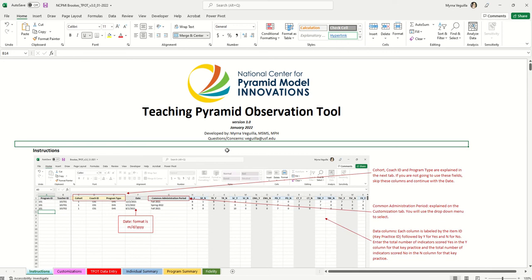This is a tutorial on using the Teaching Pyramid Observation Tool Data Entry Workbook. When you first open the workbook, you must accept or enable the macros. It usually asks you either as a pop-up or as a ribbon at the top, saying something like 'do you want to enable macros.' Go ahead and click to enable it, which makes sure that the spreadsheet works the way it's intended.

==

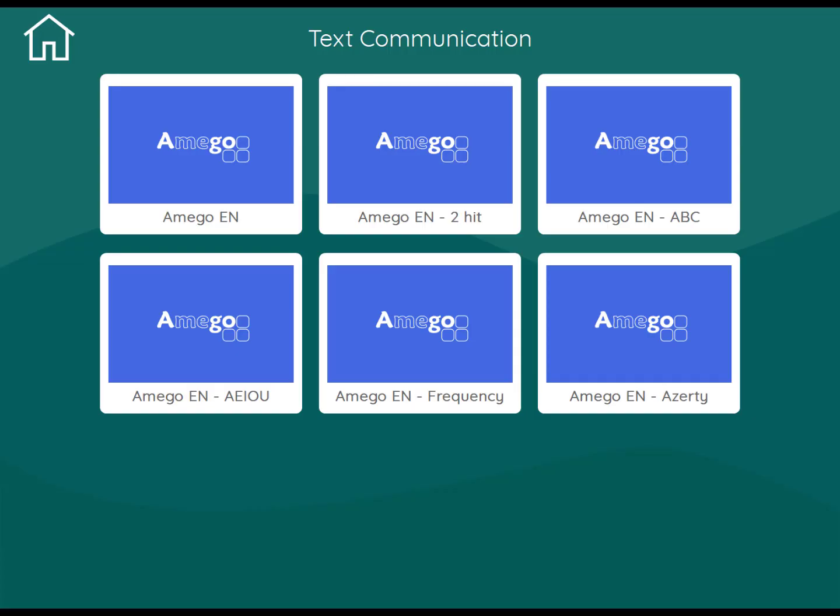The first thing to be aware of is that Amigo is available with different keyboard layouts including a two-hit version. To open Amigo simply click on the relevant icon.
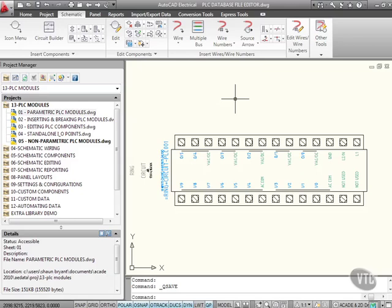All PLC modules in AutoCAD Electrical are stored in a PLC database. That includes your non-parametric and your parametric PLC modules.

REQUIREMENT:
Give again, exactly as written above, every line from the one holding "The first thing" to the one holding "All PLC modules", with both ends kept and the pictures left out.

FINISHED TASK:
The first thing to be aware of is that Amigo is available with different keyboard layouts including a two-hit version. To open Amigo simply click on the relevant icon.
All PLC modules in AutoCAD Electrical are stored in a PLC database. That includes your non-parametric and your parametric PLC modules.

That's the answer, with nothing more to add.